- Born: Francis Edward Corrigan 10 August 1946 (age 80) Birkenhead, England, UK
- Education: University of Cambridge
- Scientific career
- Fields: Theoretical physics
- Workplaces: University of Durham University of York
- Thesis: Amplitudes and Vertices in Dual Models (1972)
- Doctoral advisor: Ian T. Drummond David Olive
- Doctoral students: Patrick Dorey
- Website: https://www.york.ac.uk/maths/staff/ed-corrigan/

= Ed Corrigan =

British mathematician, theoretical physicist and professor

Francis Edward Corrigan (born 10 August 1946, in Birkenhead) is a British mathematician and theoretical physicist.
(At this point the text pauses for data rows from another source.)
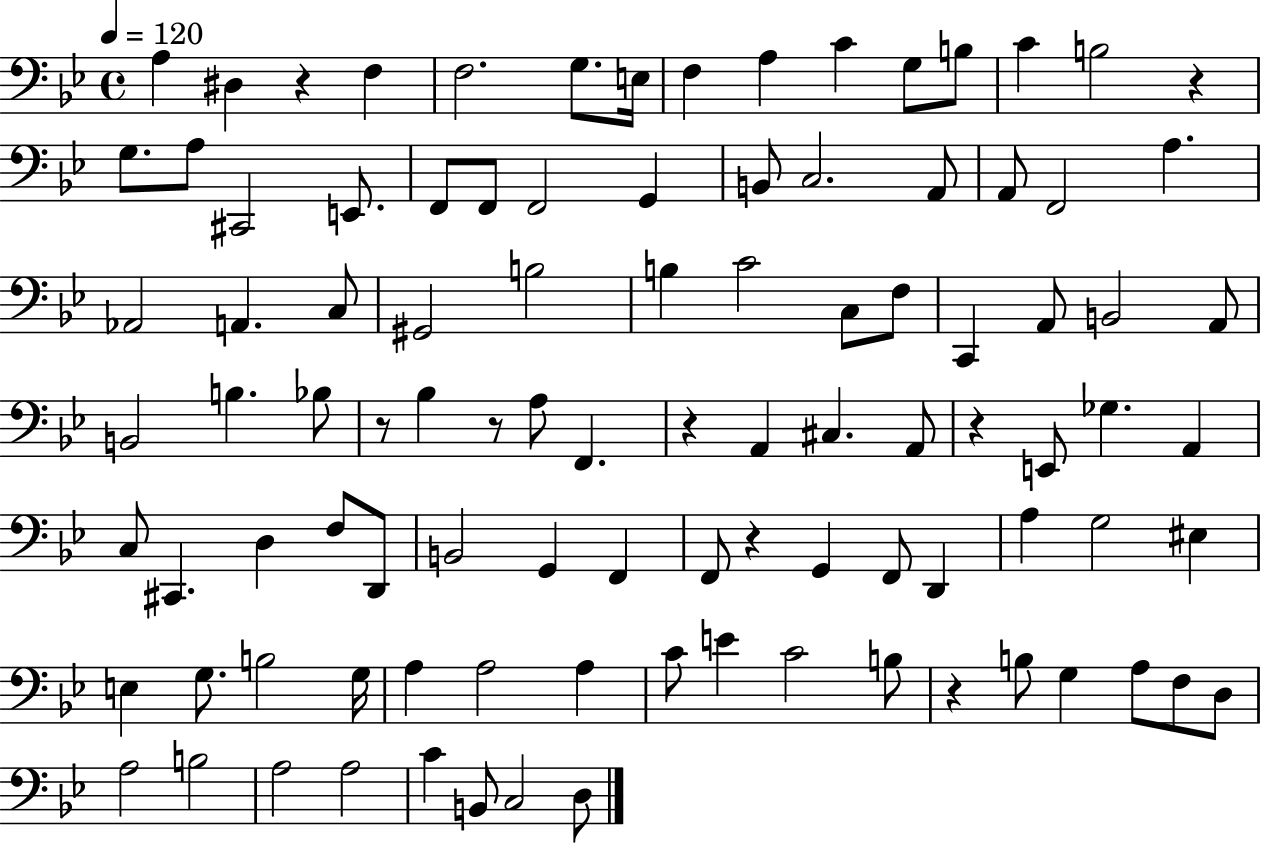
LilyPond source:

{
  \clef bass
  \time 4/4
  \defaultTimeSignature
  \key bes \major
  \tempo 4 = 120
  a4 dis4 r4 f4 | f2. g8. e16 | f4 a4 c'4 g8 b8 | c'4 b2 r4 | \break g8. a8 cis,2 e,8. | f,8 f,8 f,2 g,4 | b,8 c2. a,8 | a,8 f,2 a4. | \break aes,2 a,4. c8 | gis,2 b2 | b4 c'2 c8 f8 | c,4 a,8 b,2 a,8 | \break b,2 b4. bes8 | r8 bes4 r8 a8 f,4. | r4 a,4 cis4. a,8 | r4 e,8 ges4. a,4 | \break c8 cis,4. d4 f8 d,8 | b,2 g,4 f,4 | f,8 r4 g,4 f,8 d,4 | a4 g2 eis4 | \break e4 g8. b2 g16 | a4 a2 a4 | c'8 e'4 c'2 b8 | r4 b8 g4 a8 f8 d8 | \break a2 b2 | a2 a2 | c'4 b,8 c2 d8 | \bar "|."
}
He is professor at the University of York.

==Early life and education==
Corrigan attended St Bede's College, Manchester and earned a BA (1968) and PhD (1972) at the University of Cambridge.

==Career==
He was Addison Wheeler Fellow in the Department of Mathematical Sciences Durham University 1972–74, CERN Fellow 1974–75, and returned to work at Durham from 1976 to 1999 (including as Head of Department 1996–98). He then moved to the University of York where he was Head of Department of Mathematics 1999–2004, 2005–2007 and 2011–2015. He served as Principal of Collingwood College, Durham, from 2008 to 2011.